House of Sharing
House of Sharing

Located about an hour out of Seoul is the House of Sharing. This is an interesting nursing home, as it houses elderly former comfort women from the World War II era. Before and during the war, Japanese Imperial forces occupied much of South and East Asia, and set up a system today known as “comfort stations” in order to sexually service Japanese soldiers.

Founded by various religious and non-governmental organizations, the House of Sharing is a place where many former comfort women lived in their elderly years. The House of Sharing was founded in 1992 and is funded by various Buddhist organizations and socio-civic groups. It is effectively a nursing home facility in a Korean-style rental house in Seoul. In 1995, the complex was rebuilt to a more spacious facility. As well as a place to live, the House of Sharing offers art therapy programs for its elderly residents, which showcases artwork the former comfort women created while residing there.

Since the end of the war, the country of Japan has offered multiple apologies for their wartime transgressions, the majority of which focused on Korea and former comfort women.

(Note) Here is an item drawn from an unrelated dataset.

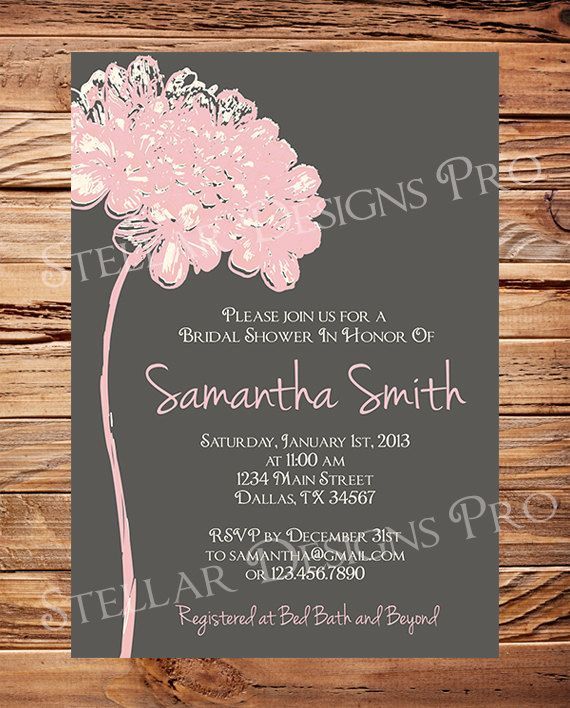 Bridal Shower Invitation Flower Bridal or by StellarDesignsPro, $20.00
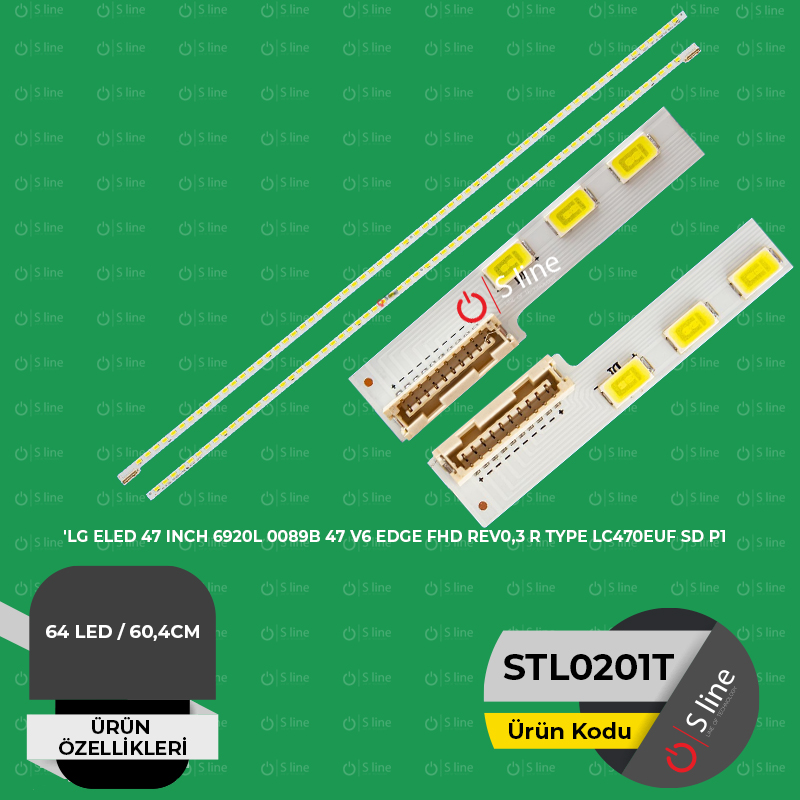 LG, Vestel 47" V6 Edge FHD REV1.0 1 R-Type 6920L-0089B 3660L-0369A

Many international organizations aim to discredit the Japanese apologies and accuse the Japanese government of not considering actual comfort women in their negotiations. It should be the responsibility of the South Korean government to include their own citizens in processes directly affecting them.

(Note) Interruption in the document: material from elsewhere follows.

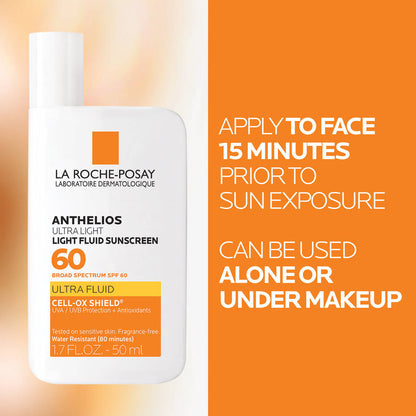 La Roche Posay - Anthelios Ultra Light Fluid Facial Sunscreen SPF 60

In the 1960s, a treaty between South Korea and Japan was signed, called the “Treaty on Basic Relations”. This was the first time Japan and South Kore developed official diplomatic relations since the end of World War II. Because South Korea was not a signatory state to the Treaty of San Francisco, it was not entitled to the benefits listed under article 14 which stipulated directly reparations by Japan. This invited high-level bilateral talk between the two nations who needed to form diplomatic relations for economic and security reasons. High level talks preceding the treaty were held over a period of 14 years, starting in the 1950s.

The underlying issue plaguing East Asia is their societal treatment of women. Through new initiatives such as the UN 2030 Sustainable Development Goals, the future of women in East Asia looks bright. The unfortunate plight of former comfort women living in the House of Sharing is a good example of how grassroots organizations are taking up the issue of gender equality within their societies.